Greg Stein wrote:
> On Wed, Mar 20, 2002 at 12:02:53PM +0800, Stas Bekman wrote:
> 
>>mod_perl child processes save a lot of memory when they can share memory 
>>with the parent process and quite often we get reports from people that 
>>they lose that shared memory when the system decides to page out the 
>>parent's memory pages because they are LRU (least recently used, the 
>>algorithm used by many memory managers). I believe that this applies to 
>>all httpd modules and httpd itself, the more we can share the less 
>>memory resources are needed, and usually it leads to a better performance.
>>
>>Therefore my question is there any reason for not using mlockall(2) in 
>>the parent process on systems that support it and when the parent httpd 
>>is started as root (mlock* works only within root owned processes).
>>
> 
> We don't really support httpd running as root. That is what that whole
> BIG_SECURITY_HOLE thing is about.

The parent process is always running as root if you want to bind to port 
80. And that's the only process that needs locking with mlockall().

We don't want any locking for child processes.

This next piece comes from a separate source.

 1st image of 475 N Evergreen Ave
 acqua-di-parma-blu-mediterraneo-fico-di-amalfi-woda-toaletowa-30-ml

> If somebody is going to run as root, then let them put the mlockall() patch
> in themselves. Further, since mlockall() jams everything into memory, I'm
> wary of making this the default behavior [when running as root]. In turn,
> that means that we'd have to introduce a new directive to turn on the
> mlockall thing.
> 
> So the net result is: new behavior and a new directive to support a case
> (httpd running as root) that we don't even want/like people doing in the
> first place.

If this improves the httpd's performance what's so wrong with adding a 
new directive?

> I'd be a heavy -0 on such a thing.